A facial gua sha (pronounced “gwah-shah”) tool, a smooth, half moon-shaped stone, can also be helpful for improving circulation. It provides a gentle facial massage to relieve tight muscles and reduce the appearance of wrinkles due to tension, Liu adds.
Coconut oil for face, body, and hair—Brazil
Locals praise coconut oil for saving their skin and hair from the drying effects of the sun and salt water. Clinical studies show virgin coconut oil improves the symptoms of skin disorders through moisturizing and soothing the skin.
Natural lifestyle trends for better health and beauty
Biking instead of driving—Scandinavia/Netherlands
According to a 2018 report by the Dutch government, people in the Netherlands cycle for over 25 percent of their total trips and Denmark cycles over 15 percent. As for us Canadians? We cycle less than 5 percent during our total number of trips.
Cold water plunges—Russia
Many Russians swear by cold water plunges. These icy dunks typically range from one to five minutes. Adherents attest to a euphoric feeling, improved immunity, better joint health and skin, and a decrease in fat deposits and cellulite. On the other hand, Russian scientists who studied this practice recommend caution, as it may be harmful to the body over time.
Forest bathing—shinrin-yoku—involves slowly walking through the forest while taking in the environment with all of your senses. Key to the experience is the inhalation of wood essential oils, similar to natural aromatherapy, but visual, auditory, and other sensory stimuli are also important.

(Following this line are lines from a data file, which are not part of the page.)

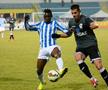 Gomo Onduku, imagini de arhivă în Superligă / Sursă foto: Gazeta Sporturilor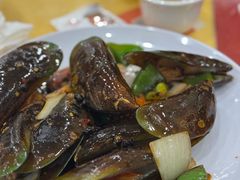 -鹏城人家海鲜酒家·23年老字号(较场尾店)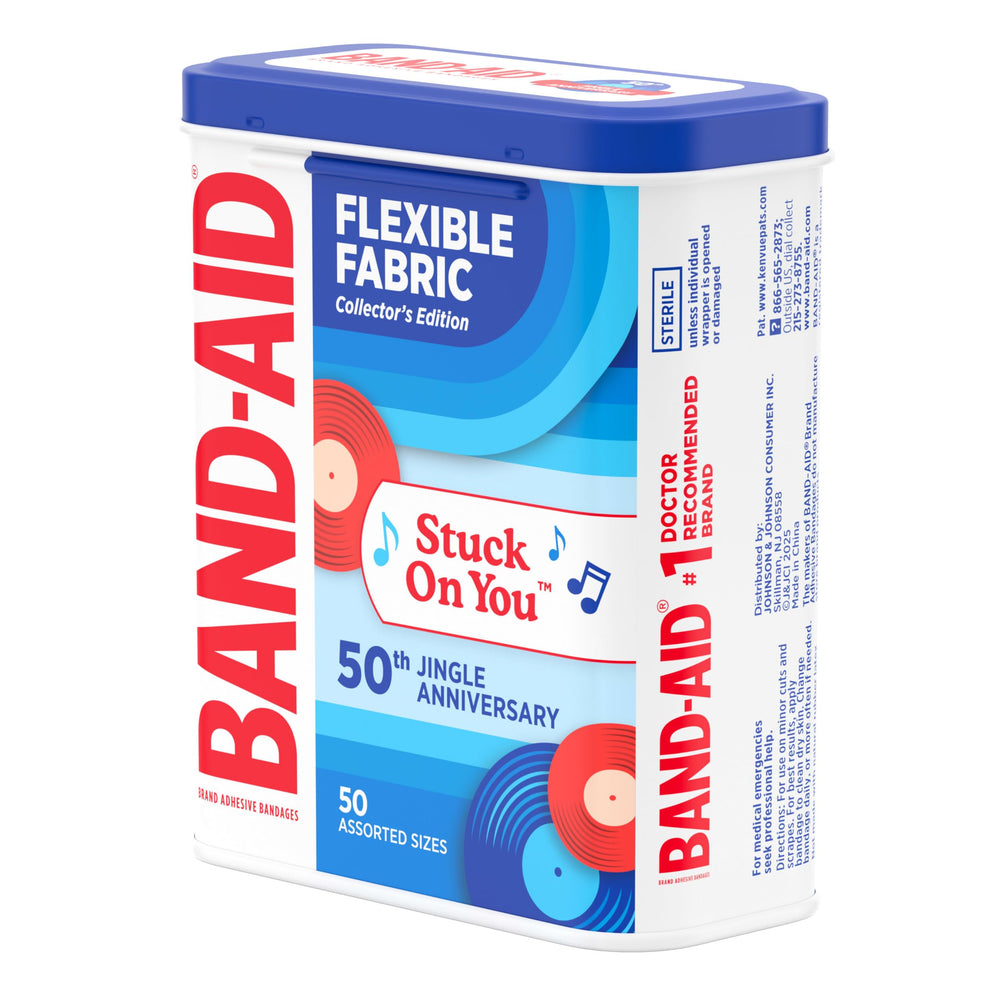 Use on clean, dry skin to protect minor wounds and prevent infection.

Scientific studies support the idea that forest bathing has positive effects on physical and mental health, including a decrease in pulse rate and lessening of negative moods such as anxiety, depression, fatigue, and confusion.
A trip to the jjimjilbang—a spa with a bathhouse (with bath water temperatures ranging from about 38 to 42 C) and sauna—is a health and beauty habit of South Koreans. In the sauna, you may relax while lying on a hemp mat or jade or salt crystals. South Koreans are big fans of exfoliating at the bath—you can do it yourself, or ask an ajumma (“auntie”) to scrub you down. [END]
Beauty from the inside out
|collagen||preliminary studies report collagen supplementation may improve hydration and reduce wrinkles in the skin|
|ashwagandha||has anti-inflammatory properties and many antioxidants that protect your cells from aging, your environment, and lifestyle|
|omega-3s||may defend against sun damage, reduce acne, and moisturize|
|vitamin C (serum form)||may protect against ultraviolet rays and reduce signs of aging in the skin|
|turmeric||studies show turmeric can significantly reduce appearance of fine lines, wrinkles, and hyperpigmented macules|
|vitamin A and E||vitamin A is often used topically for antiaging; vitamin E helps your body regulate retinol levels, necessary for healthy skin|
The wheels of changes
The roads in the Netherlands were not always dominated by cyclists. In the 1950s and ’60s, cars were becoming more popular. It took activists concerned about the number of car-related deaths and the 1973 oil crisis, among other things, to cause the Dutch to take to bikes.